▸ **Data section**

···

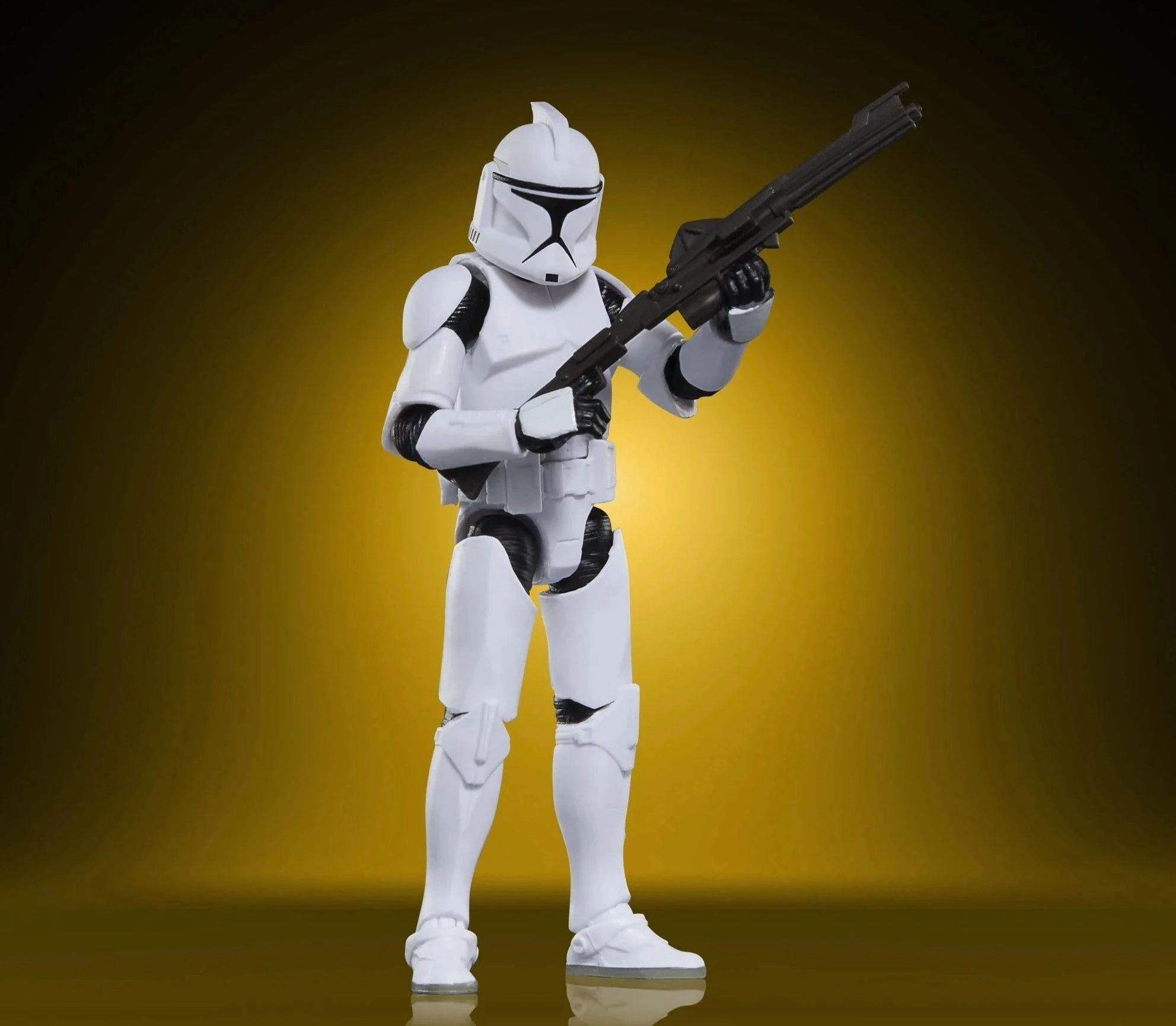 Star Wars Vintage Collection Attack of the Clones Phase I Clone Trooper VC309 3.75" Action Figure Cultural symbol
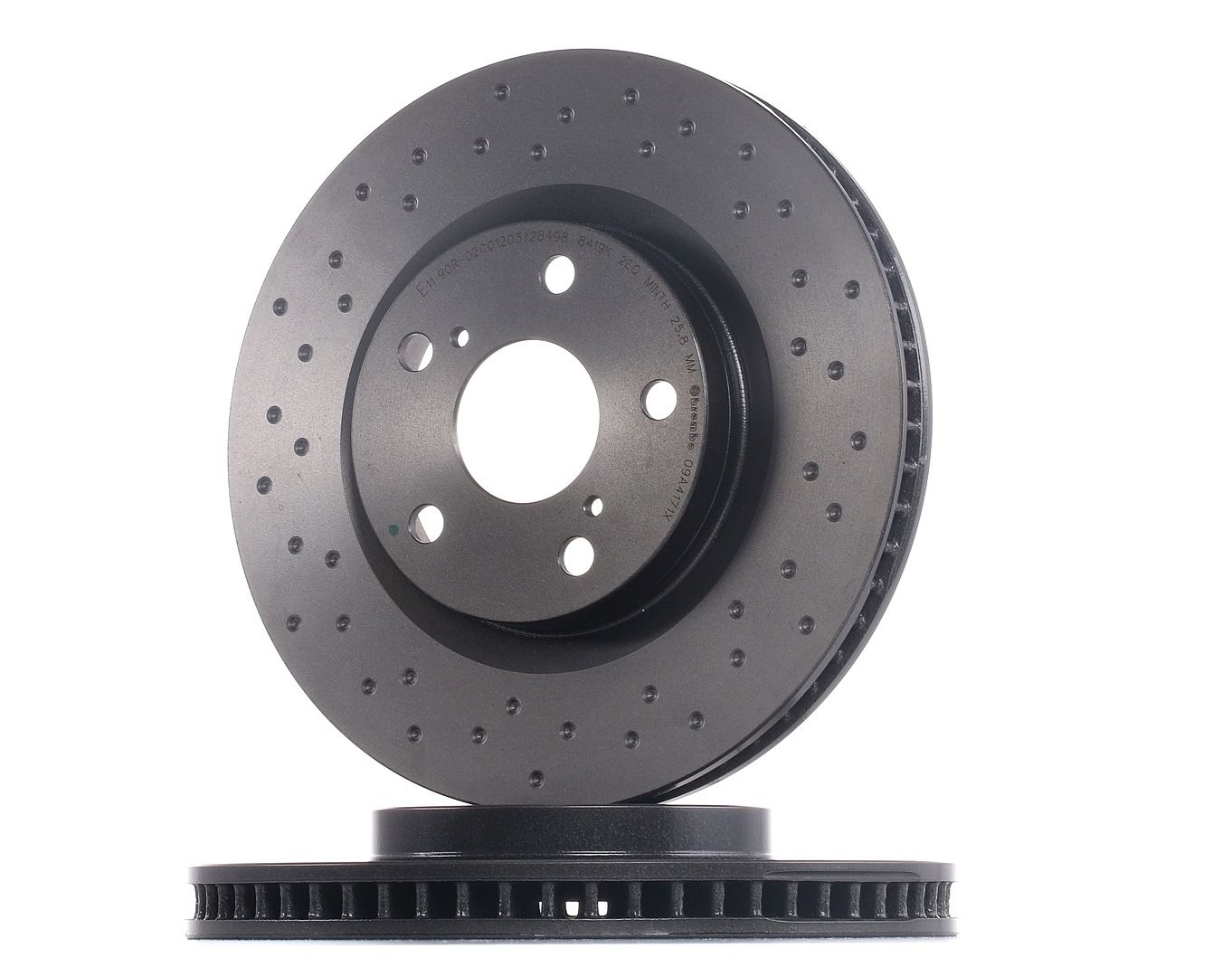 BREMBO Jarrulevyt TOYOTA,LEXUS 09.A417.1X 4351202250,4351206090,4351206140 Jarrulevy 4351233130,4351233140,4351242050,4351242090,4351242100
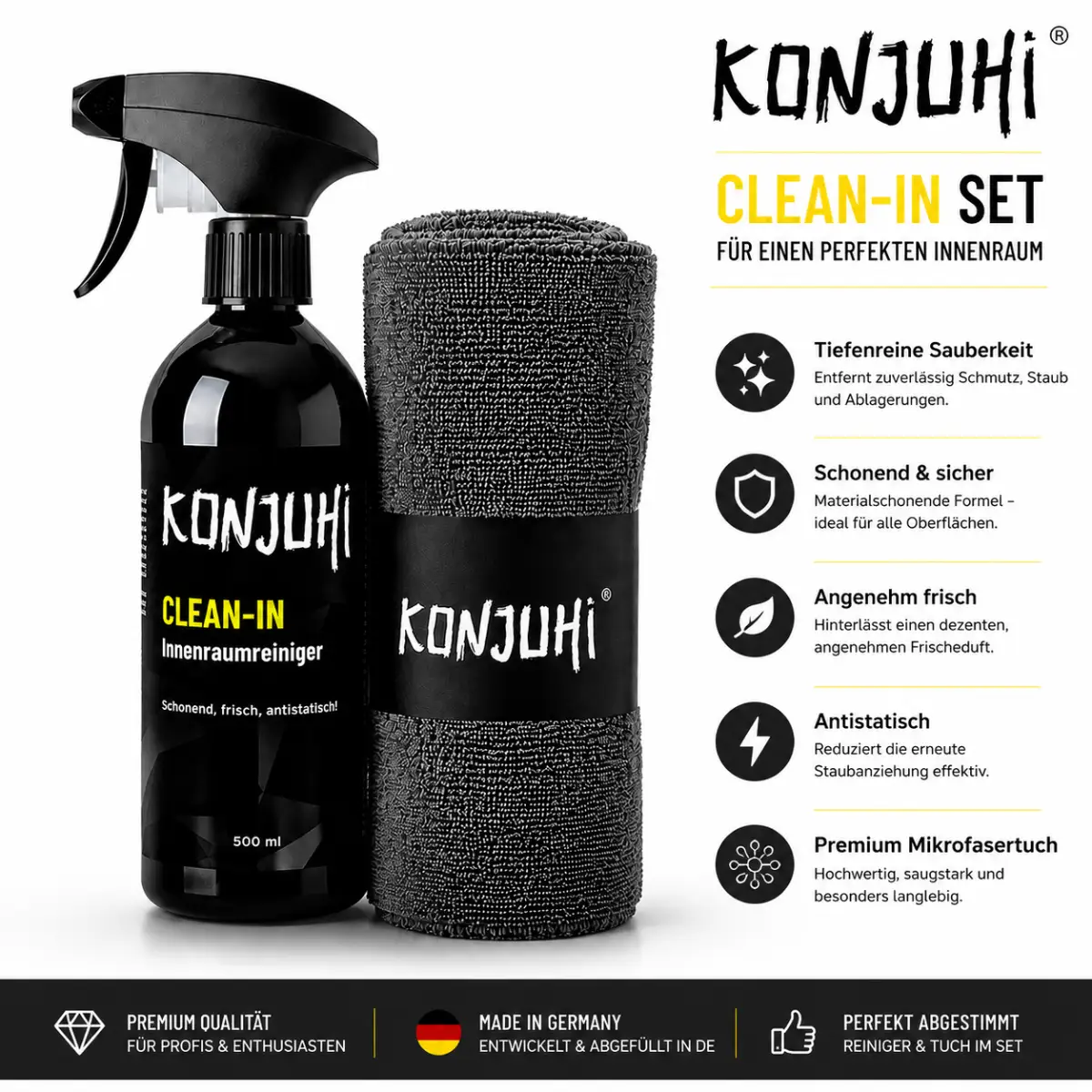 KONJUHI CLEAN-IN 500ml SET #1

···

▸ **To do**
Print the data again, word for word, without any pictures.

▸ **Written response**
 Star Wars Vintage Collection Attack of the Clones Phase I Clone Trooper VC309 3.75" Action Figure Cultural symbol
 BREMBO Jarrulevyt TOYOTA,LEXUS 09.A417.1X 4351202250,4351206090,4351206140 Jarrulevy 4351233130,4351233140,4351242050,4351242090,4351242100
 KONJUHI CLEAN-IN 500ml SET #1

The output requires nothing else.